Exercise directions —
Begin at the line that contains "#DevrurII #Jointimplentation #Actforimpact" and reproduce it along with every line after it to the end of the listing; skip any pictures.

Collected data —
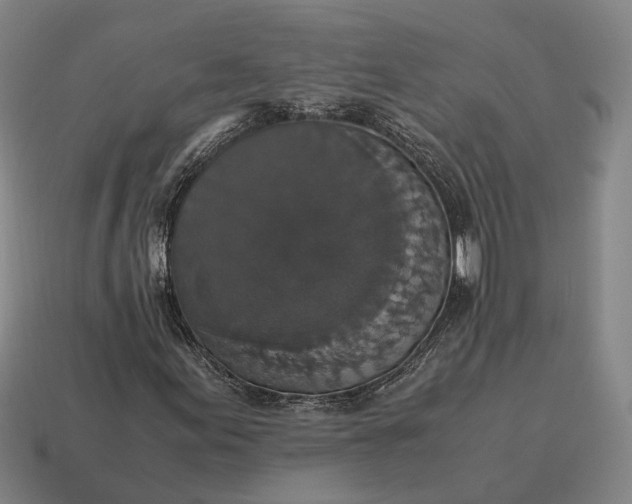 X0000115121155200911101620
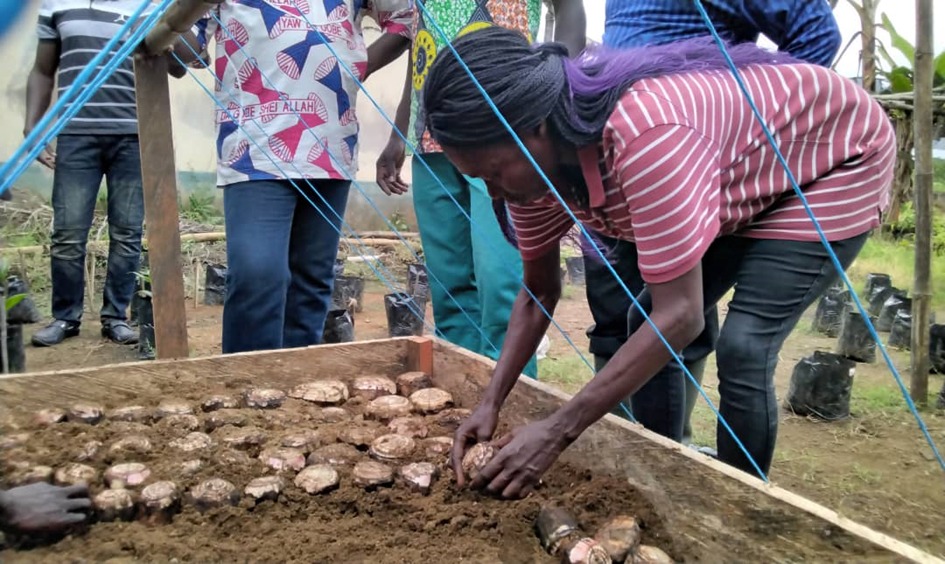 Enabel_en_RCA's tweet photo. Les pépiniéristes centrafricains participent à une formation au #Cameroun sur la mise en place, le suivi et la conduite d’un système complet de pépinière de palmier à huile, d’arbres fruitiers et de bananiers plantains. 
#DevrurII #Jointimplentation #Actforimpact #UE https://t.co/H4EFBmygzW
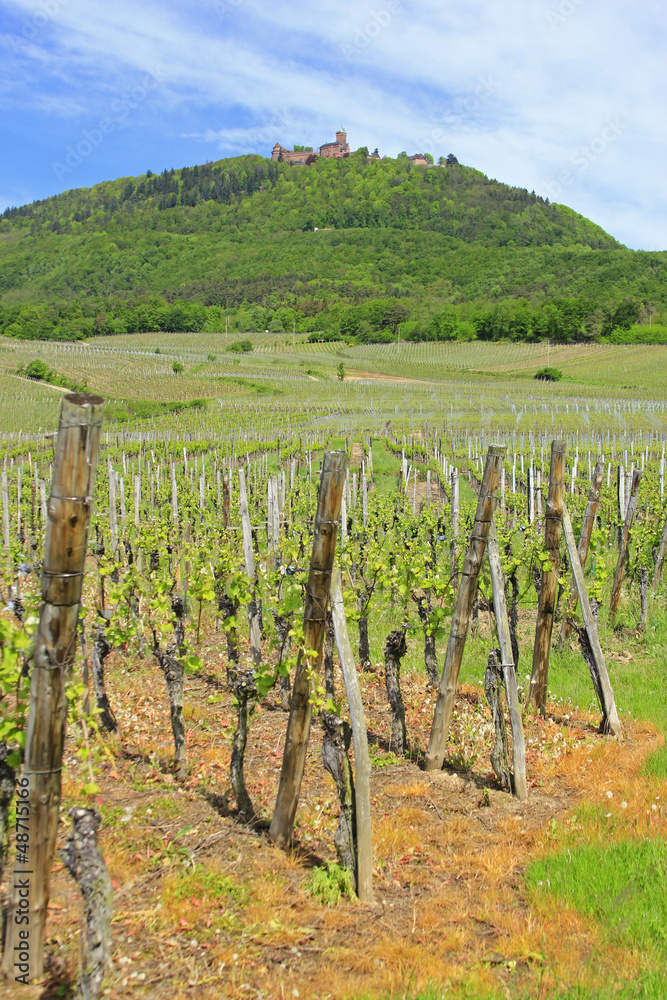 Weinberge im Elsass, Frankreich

Task output —
#DevrurII #Jointimplentation #Actforimpact #UE https://t.co/H4EFBmygzW
 Weinberge im Elsass, Frankreich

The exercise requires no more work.